*Work item*: Reproduce all of the data below without alteration; exclude every picture.

*Input data*:
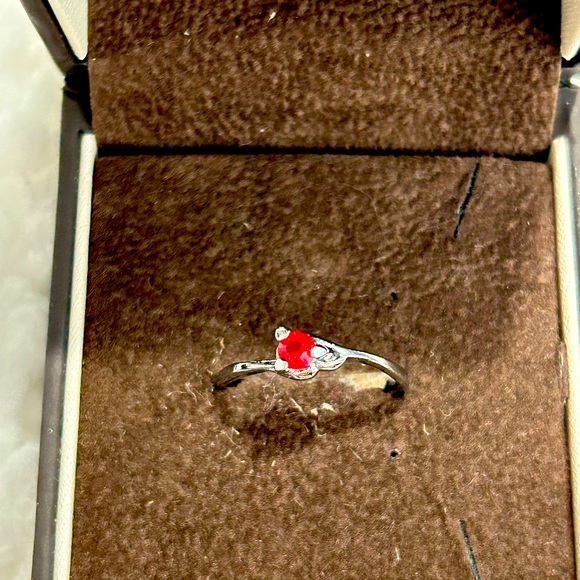 Ruby Red Gem Ring - Picture 2 of 2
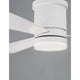 Silky LED Deckenventilator in mattweiß mit eleganter LED-Beleuchtung und Holzflügeln für stilvolles Raumdesign.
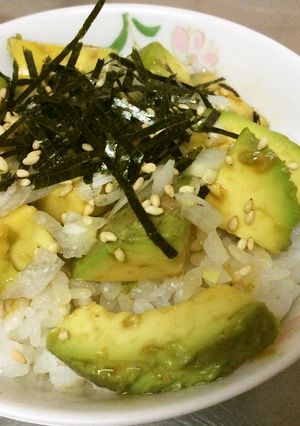 材料2つで超簡単☆アボカドと長ネギ丼！-レシピのメイン写真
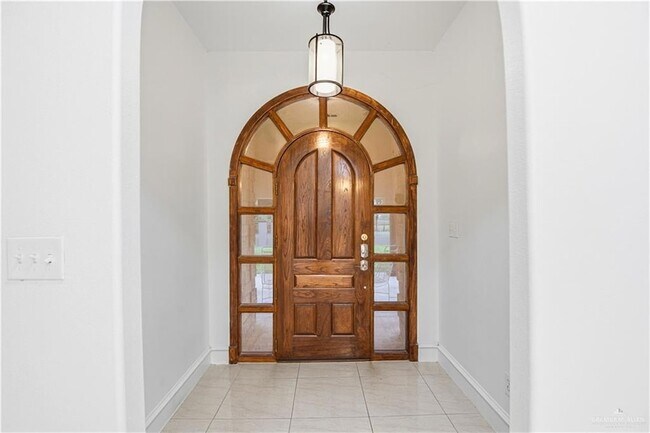 Foto del edificio - 23790 N Val Verde Rd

*Task output*:
 Ruby Red Gem Ring - Picture 2 of 2
 Silky LED Deckenventilator in mattweiß mit eleganter LED-Beleuchtung und Holzflügeln für stilvolles Raumdesign.
 材料2つで超簡単☆アボカドと長ネギ丼！-レシピのメイン写真
 Foto del edificio - 23790 N Val Verde Rd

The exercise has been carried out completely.